This guest post was contributed by Moritz Guenther:

When I first encountered the IPython notebook, I thought this was a solution looking for a problem. However, I have since been converted! The tipping point for me was this: I want to version control my papers and I always had multiple directories for analysis code, plotting code, LaTeX files, plot scripts and figures and tables. That's just so unwieldy. Also, I found it cumbersome to email figures to individual collaborators all the time. The Notebook can hold all this information in one place and I can just provide my co-authors with a link to the github repository once and they have access to the latest version all the time. Even if they do not use python, they can still see the all the current figures using nbviewer.ipython.org

Now all papers I work on a are written in an IPython notebook.
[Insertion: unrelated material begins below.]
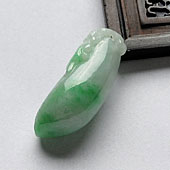 糯冰种飘翠缅甸翡翠A货福瓜挂件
So, the final step to do is to convert the notebook to the LaTeX file I can submit to a journal. That's what this simple converter code does.

This converter is not intended to replace nbconvert from the IPython project. Instead, it serves one very specific purpose: Turn a notebook into a LaTeX file that I can submit to the journal.

How to use it

As a script


You can use this file form the command line:

> python ipynb2article.py myanalysis.ipynb myanalysis.tex

In this case it's run with my set of design choices (see below).

As a Python module

Import into python and make a <tt>NotebookConverter</tt> object:

from ipynb2article import NotebookConverter
converter = NotebookConverter

Then, customize how each type of cell is converted by changing the converter:

converter.cellconverters['code'] = NotebookConverter.IgnoreConverter()

Finally, call:

converter.convert(infile, outfile, ...)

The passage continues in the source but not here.